QEFTSG has the form of a home improvement show, but it's so much more than that too. Unlike most home improvement shows, it's extremely funny and has elements. It shows influences from reality teevee, but these are handled in an ironic, mocking way that respects the intelligence of the viewer. The editing is so frantic that at times you don't have time to savor something hilarious or touching.
That last aspect was unexpected. After all the humor, all the in-joke references to Bring It On, and all the catty behind-the-straight-guy's-back observations, we were delighted by the sincere gratitude expressed by the straight guys to their new gay friends, who had come and enlightened them on their ill-conceived clothes, grooming, and social habits. Interestingly, much of the wisdom being imparted was the sort of thing a father is supposed to teach his son: how to shave, how to tie a tie, and how to prepare asparagus. The curse of being a straight man it to never fully accept your adulthood and never transcend the directly pragmatic. For a straight man, no home is ever permanent enough to be decorated. In this show, these things were matter-of-factly presented as handicaps to be overcome. The message to straight men was: benefit from the gay people in your community. They have wisdom and sense to impart.
The show does wonders for furthering the acceptance of gays among skeptical demographics. There are whole swaths of troglodytic Americans who can't get past the buttfucking when it comes to thinking about the lives of gay people. But I have enough confidence in this show (and the persuasive effects of television) to think that anyone who watches it will come away thinking that perhaps gay men and their Barbara Streisand collections and zebra-print upholstery somehow provide a valuable service to the world.
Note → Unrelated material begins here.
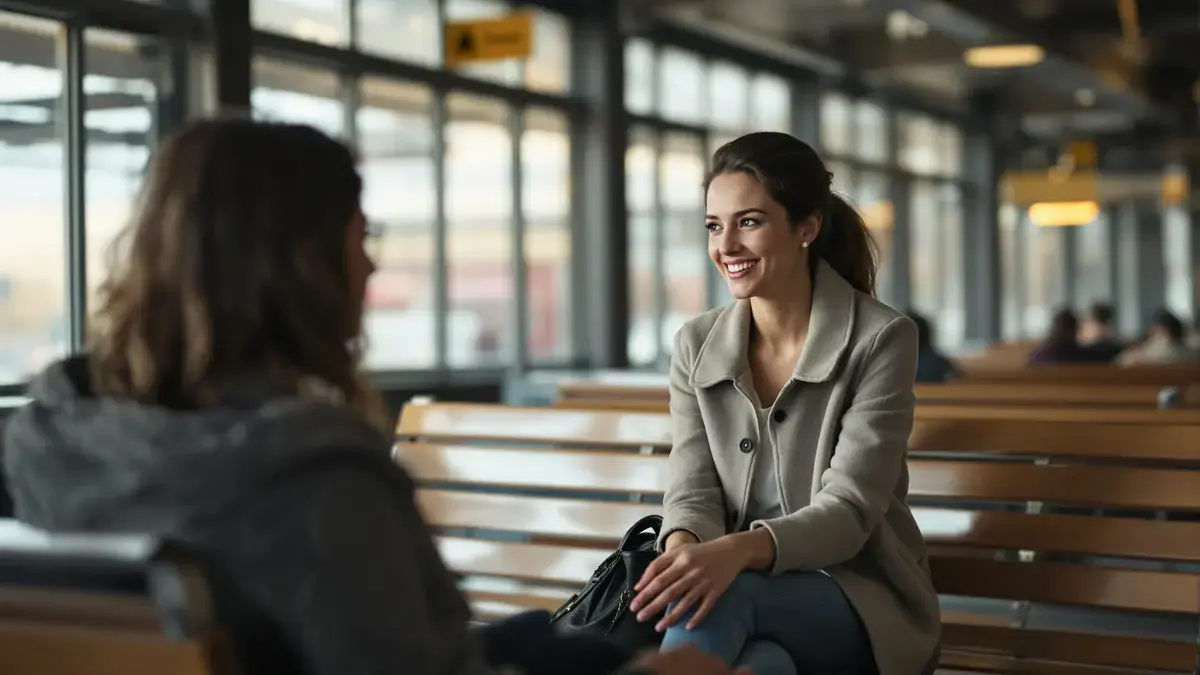Per essere presi sul serio bastano 7 semplici gesti che il 99% delle persone ignora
Maybe being gay isn't all about buttfucking, playground proselytizing, and circle jerking.
So, yes, it's a great show, on so many levels.
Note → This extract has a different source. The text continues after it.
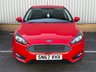 USED 2017 67 FORD FOCUS 1.0T EcoBoost Zetec Edition Euro 6 (s/s) 5dr SALE! NOW Â£5999 WAS Â£7499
Oddly, though, the advertising that runs during Queer Eye for the Straight Guy seems to be extremely poorly targeted. It mostly amounts to low-production basic cable commercials such as the dreary Ditech.com series ("I lost another loan to Ditech!"). In a show of this caliber directed (at least initially) to a coastal world-weary audience, one would expect the sort of expensive ads one sees during the Simpsons. I got the feeling that they are still finding their way with this show. Can it really be that I know a lot more about how they should be targeting their ads than their ad guy does? Why does he have a job and I don't?